I am still trying to determine if this is the lifestyle I truly want. I do have a Vanilla b/f who does not share my fantasies and wants
I have been on other sites and have perused the blogs, questions, and forums.
My question is this: It is of my opinion so far that subs have a difficult time keeping a Master, as Masters only train or then become bored of the routine.
I am wondering how difficult it is to find someone who will share your interests and let you be a sub to thier Dom without fear of being let go for boredom. Is there a place where you can actually find a realtionship or is it all just play? If it is just play, then keeping your current Vanilla relationship is a justifiable reason and playing on the side would be even more justifiable.
Please advise.

Tojo
09-22-2006, 06:59 PM
It can be anything you want it to be, aria.

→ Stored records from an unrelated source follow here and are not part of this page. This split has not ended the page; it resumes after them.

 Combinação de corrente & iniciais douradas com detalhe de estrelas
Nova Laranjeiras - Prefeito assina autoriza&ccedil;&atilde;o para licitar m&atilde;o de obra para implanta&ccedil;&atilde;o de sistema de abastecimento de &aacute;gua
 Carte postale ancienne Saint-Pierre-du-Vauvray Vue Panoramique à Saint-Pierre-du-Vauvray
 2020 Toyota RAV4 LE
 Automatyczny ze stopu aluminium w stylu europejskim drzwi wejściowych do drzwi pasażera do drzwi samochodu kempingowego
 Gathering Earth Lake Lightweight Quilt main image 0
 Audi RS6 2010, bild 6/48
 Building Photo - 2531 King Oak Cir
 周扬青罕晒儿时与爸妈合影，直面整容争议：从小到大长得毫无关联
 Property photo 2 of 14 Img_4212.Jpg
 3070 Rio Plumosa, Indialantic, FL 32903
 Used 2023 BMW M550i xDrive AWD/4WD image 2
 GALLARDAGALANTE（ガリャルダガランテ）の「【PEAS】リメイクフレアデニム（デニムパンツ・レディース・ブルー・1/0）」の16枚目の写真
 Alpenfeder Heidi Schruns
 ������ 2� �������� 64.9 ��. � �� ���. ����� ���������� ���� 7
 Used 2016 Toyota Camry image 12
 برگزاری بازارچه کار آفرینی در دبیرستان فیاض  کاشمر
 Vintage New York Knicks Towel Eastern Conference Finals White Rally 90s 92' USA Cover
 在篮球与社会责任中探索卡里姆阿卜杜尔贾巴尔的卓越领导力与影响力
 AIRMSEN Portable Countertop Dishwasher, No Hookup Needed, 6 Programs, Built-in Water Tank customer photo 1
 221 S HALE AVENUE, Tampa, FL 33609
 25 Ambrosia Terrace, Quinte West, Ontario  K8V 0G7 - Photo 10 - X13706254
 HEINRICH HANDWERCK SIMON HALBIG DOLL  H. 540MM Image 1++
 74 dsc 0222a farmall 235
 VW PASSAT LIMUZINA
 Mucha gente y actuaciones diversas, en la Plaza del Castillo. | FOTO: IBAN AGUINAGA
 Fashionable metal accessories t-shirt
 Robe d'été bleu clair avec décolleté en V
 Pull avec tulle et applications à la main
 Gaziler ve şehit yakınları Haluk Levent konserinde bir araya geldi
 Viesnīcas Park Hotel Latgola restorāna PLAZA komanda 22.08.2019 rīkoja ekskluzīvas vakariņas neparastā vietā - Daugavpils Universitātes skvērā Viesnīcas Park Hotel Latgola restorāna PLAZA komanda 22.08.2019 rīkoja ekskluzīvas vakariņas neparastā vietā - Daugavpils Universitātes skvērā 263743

Unfortunately no one can tell you what's right for you, but finding the right place is half the fun.

It's not easy finding someone, particularly one who wants the same degree of involvement & is into the same things. That's the key though, once you get some idea of what you want.

Check out Aesop's thread for beginners, in the 'Knowledge' section.

Have a look at www.submissiveloving.com -keep learning, & maybe try a little online play first?

Take it slow, & if it don't feel right, don't do it.

IMO any so called Master who becomes bored with his sub, is not that serious anyway & probably best avoided.

Let us know how it all turns out- we await with interest.

Tojo

Dragon's muse
09-22-2006, 07:39 PM
i have served my Dragon for 13 years now. There are some Masters who train and run. There are some "normal" vanilla guys that run once a certain level of comfort sets in. Relationships are iffy and there are azzhatz in every walk of life.

Aussiegirl1
09-22-2006, 08:14 PM
Aria, it does seem to be a matter of luck. I know I am so lucky to have found someone like Tojo, especially when I wasn't even looking! To me, if you can be friends first and if you feel right, you are part of the way there. As Tojo said though, you need to have compatable needs and desires too. Also it has to be fun.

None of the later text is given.